>>>>

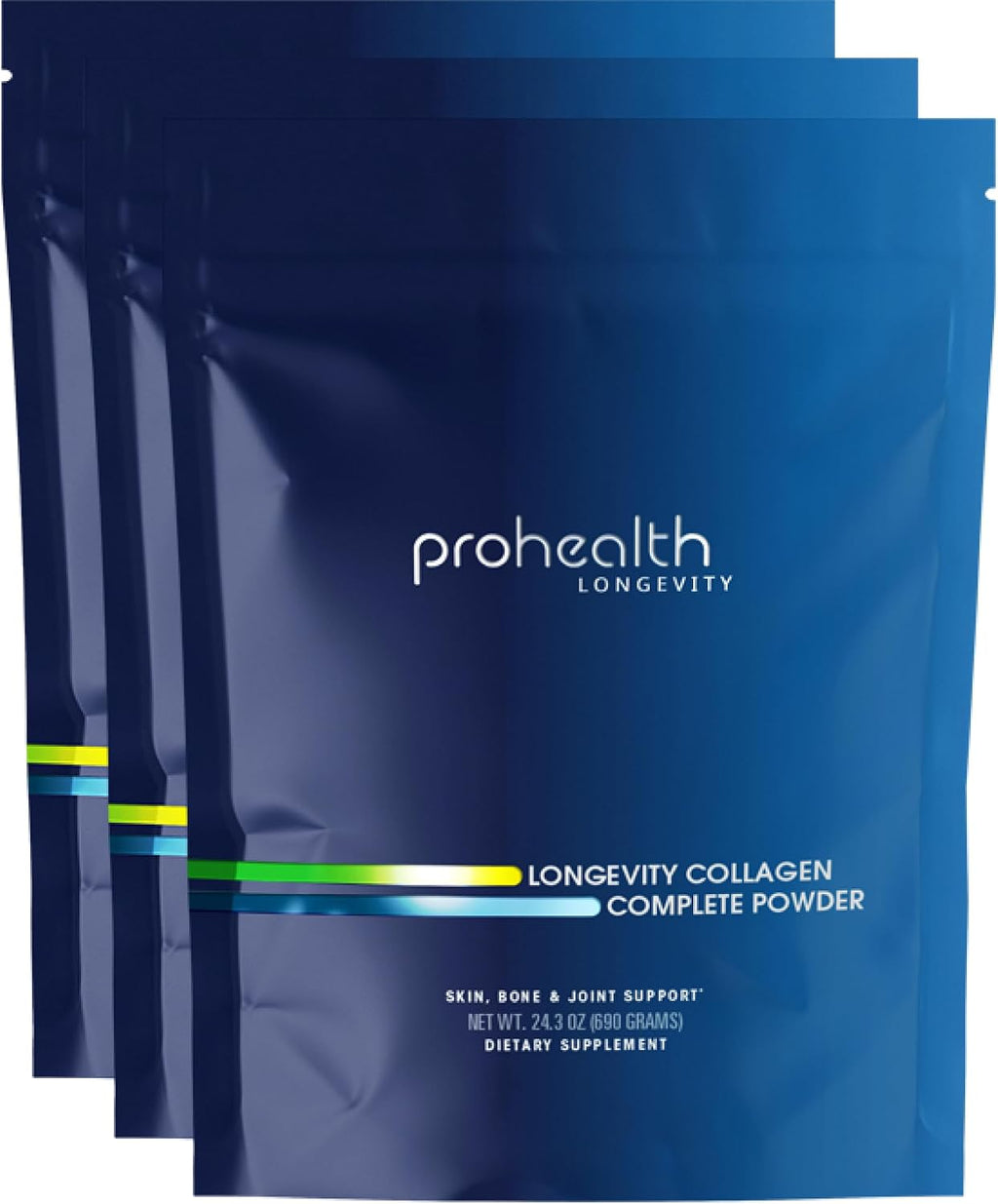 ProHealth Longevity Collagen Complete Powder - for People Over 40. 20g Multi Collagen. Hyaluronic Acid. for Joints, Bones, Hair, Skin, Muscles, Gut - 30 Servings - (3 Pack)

<<<<
>>>>

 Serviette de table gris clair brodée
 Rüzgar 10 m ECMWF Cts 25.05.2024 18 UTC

<<<<
>>>>

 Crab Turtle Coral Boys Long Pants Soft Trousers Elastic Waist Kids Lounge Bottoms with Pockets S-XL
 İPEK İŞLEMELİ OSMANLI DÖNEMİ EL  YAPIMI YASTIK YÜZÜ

<<<<

* EXERCISE INSTRUCTIONS
Here the job is to set down exactly the lines of the material above that fall between the one with "Serviette de table gris clair brodée" and the one with "Rüzgar 10 m ECMWF Cts 25.05.2024 18 UTC", inclusive, and nothing beyond them.

* SOLUTION TO THIS EXERCISE
 Serviette de table gris clair brodée
 Rüzgar 10 m ECMWF Cts 25.05.2024 18 UTC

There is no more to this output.